民主党は7日、緊急事態関連法案をめぐる全議員懇談会を開催し、与党との修正協議に対する基本態度について議論した。
懇談会の冒頭、挨拶に立った枝野幸男政策調査会長は、民主党が提出した緊急事態基本法案と政府案への修正案の趣旨説明が行われた6日に与党からさっそく修正協議の申し入れがあったことを紹介。「われわれは拒否する立場にない」として、今後の協議の方向性をめぐる議論を呼びかけた。
参加議員からは、与党が6日に提出した民主党法案に対する見解で基本法案については受け入れを拒み、修正案については一部内容を取り入れる姿勢を示していることについて、あくまで両者は一体のものとして主張していくべきだ、とする意見が出された。

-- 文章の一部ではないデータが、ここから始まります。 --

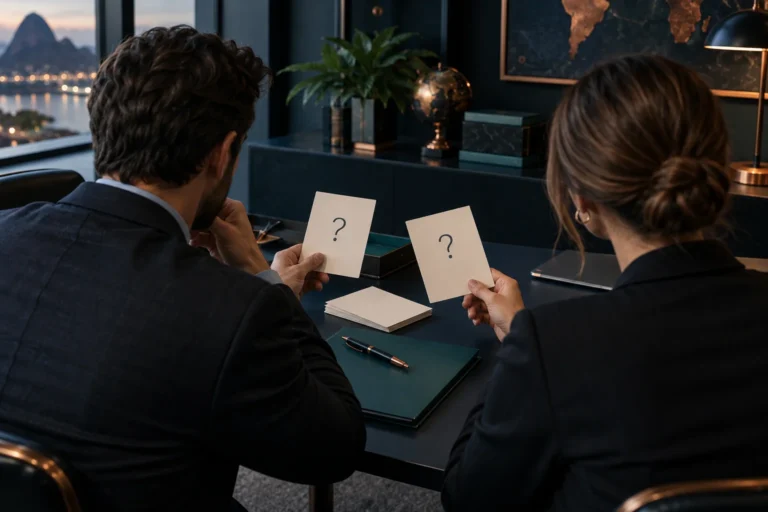 Duas pessoas em uma conversa de trabalho seguram cartões com pontos de interrogação, representando dúvidas que podem gerar pautas.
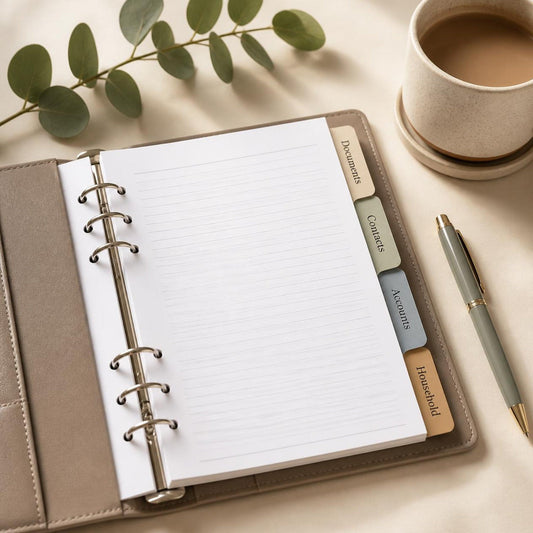 Calm Home Binder by Sage & Stone — printable binder open with Documents, Contacts, Accounts and Household tabs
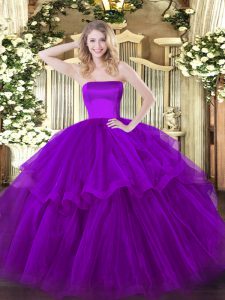 Purple Ball Gowns Ruffled Layers Quinceanera Dresses Zipper Tulle Sleeveless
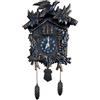 WALPLUS Orologio Da Parete Orologio a cucù Moderno Home Decor Decorazione Della Strofa Classico Cucina Soggiorno Casa Cuculo Vintage Foresta Nera 20.2x37cm Nero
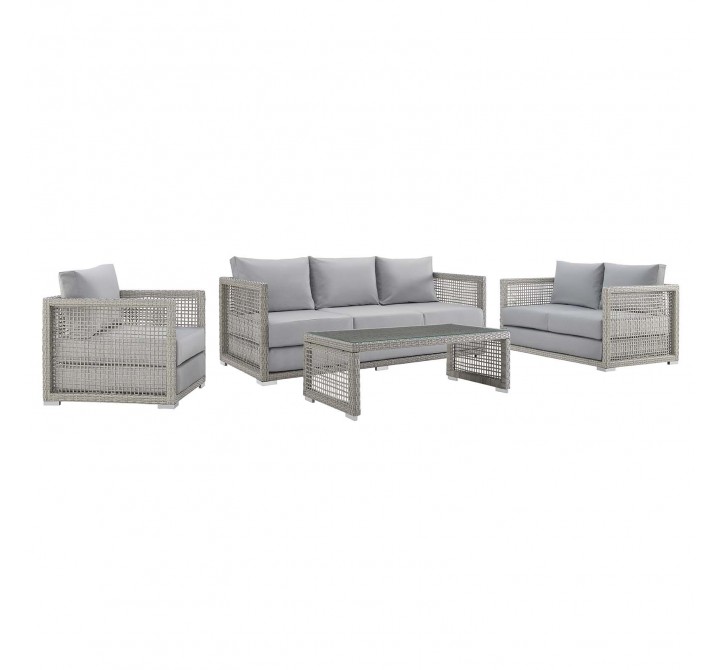Modway Aura 4 Piece Outdoor Patio Wicker Rattan Set - Gray Gray - Set in Front Side Angle
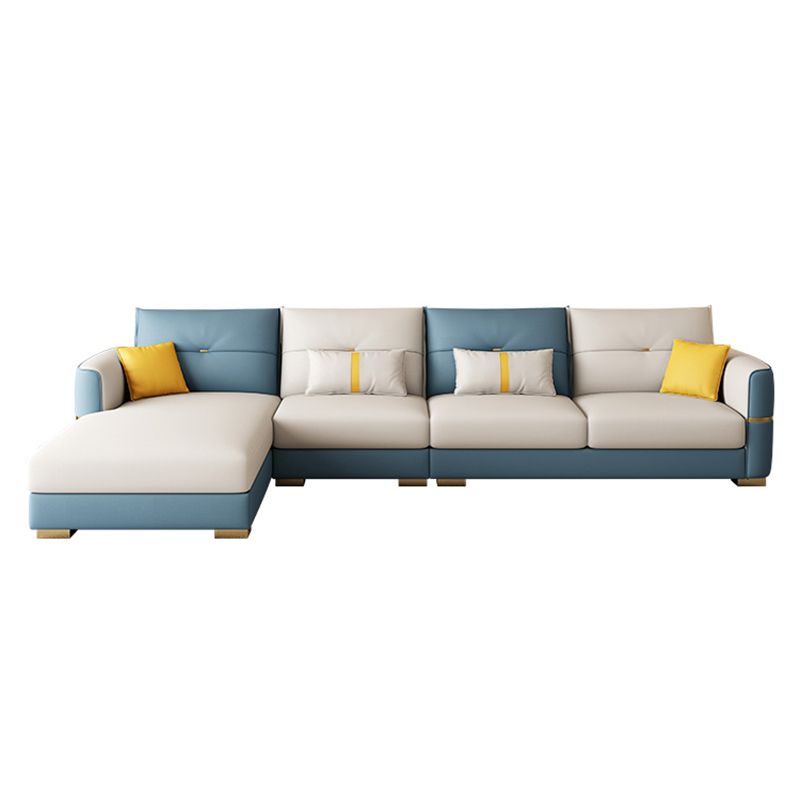 Sqaure Arm Tufted Back Sectional Luxurious 4-seat Sectional Sofa Clearhalo 'furn' 'furn_sectionals' 'Furniture' 'Living Room Furniture' 'Sectionals' 1200x1200_f7f36bcb-600d-4548-b478-f4bdfccd8314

『次の内閣』のネクスト安全保障大臣として修正協議の窓口役に当たっている前原誠司議員も、基本法の考え方を強く押していく意向を明らかにした。
また、今後の与党との修正協議については前原議員を中心に進めながら、節目節目で党内における中間報告と意見集約を行っていくことを確認した。
【与党見解】
■「武力攻撃事態における我が国の平和と独立並びに国および国民の安全の確保に関する法律案に対する修正案」にかかる問題点
1 武力攻撃事態の定義及び認定について
「判断の根拠」まで示すこととすると、主観的な要素が強く、機微にわたる点まで示すことにもなりかねない。したがって、判断の前提となった事実だけを示すことで十分ではないか。
2 基本的人権の保障
すでに、憲法の保障する国民の自由と権利の尊重について規定しており、重ねて規定する必要性に乏しい。民主党案では、表現の仕方にも問題あり。

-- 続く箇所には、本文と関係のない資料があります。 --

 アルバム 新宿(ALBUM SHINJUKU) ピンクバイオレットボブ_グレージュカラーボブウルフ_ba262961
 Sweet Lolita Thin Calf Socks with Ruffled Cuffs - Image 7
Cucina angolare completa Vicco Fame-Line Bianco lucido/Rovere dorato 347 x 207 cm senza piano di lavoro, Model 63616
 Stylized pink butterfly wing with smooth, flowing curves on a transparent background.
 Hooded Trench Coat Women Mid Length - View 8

3 指定公共機関の定義について(民間放送事業者の除外)
NHKが放送できなくなった時などを考えると、民放を指定公共機関に指定できる仕組みは必要。なお、報道の自由を制限することは全く考えていない。
4 国際法及び国際慣例の遵守
自衛隊法第88条と全く同じ規定ぶりであり、重ねて規定する必要性に乏しい。
5 施行期日について
国民保護法制と密接な関係を有する条項について、国民保護法制の整備をまって施行することについては、検討の余地があると考えるが、理念や基本的手続きなどその他の条項については、一日も早い成立、施行を図ることが国民の期待に応えることになる。
■緊急事態への対処及びその未然の防止に関する基本法案(以下基本法案という。)に係る問題点について。

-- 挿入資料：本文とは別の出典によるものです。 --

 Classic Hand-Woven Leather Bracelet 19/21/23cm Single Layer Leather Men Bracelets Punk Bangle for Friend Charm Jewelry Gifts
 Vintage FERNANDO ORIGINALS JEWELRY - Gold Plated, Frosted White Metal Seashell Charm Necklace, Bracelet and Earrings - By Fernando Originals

1 憲法で保障された国民の権利と自由を法律で更に制度化することは、かえって憲法上の権限等をせまく解することにならないのか。(第2条〜第6条)
2 緊急事態の概念に自然災害をもとり入れることは、現在の災害対策基本法や原子力災害対策特別措置法との上下関係に連なり、現在機能している諸法との整合性や無用の混乱を招くことになり、十分な検討が必要と思われる。(第1条)
3 緊急事態に限らず行政各部が実施した措置については、国会は絶えず当該措置の相等性に係る事後的検証は、法律がなくても行われるべきものである。(第9条)
4 危機管理庁を常設機関として設置すると現在の警察、消防、原子力委員会、自衛隊、災害における地方自治体の諸活動との合理的な区分けが必要になり特に各地方支分部局まで置くことにすると行政改革、地方分権の流れに逆行することになるおそれがあり、慎重に検討する必要がある。(第2条)
5 政府開発援助は、我が国存立の為の施策の一部とはい云え緊急事態法の一環になるかどうか議論を要すると思われる。
以上の観点から基本法制定には、なお検討すべき問題が多く、会期がせまっている今国会において、成立を図ることは困難である。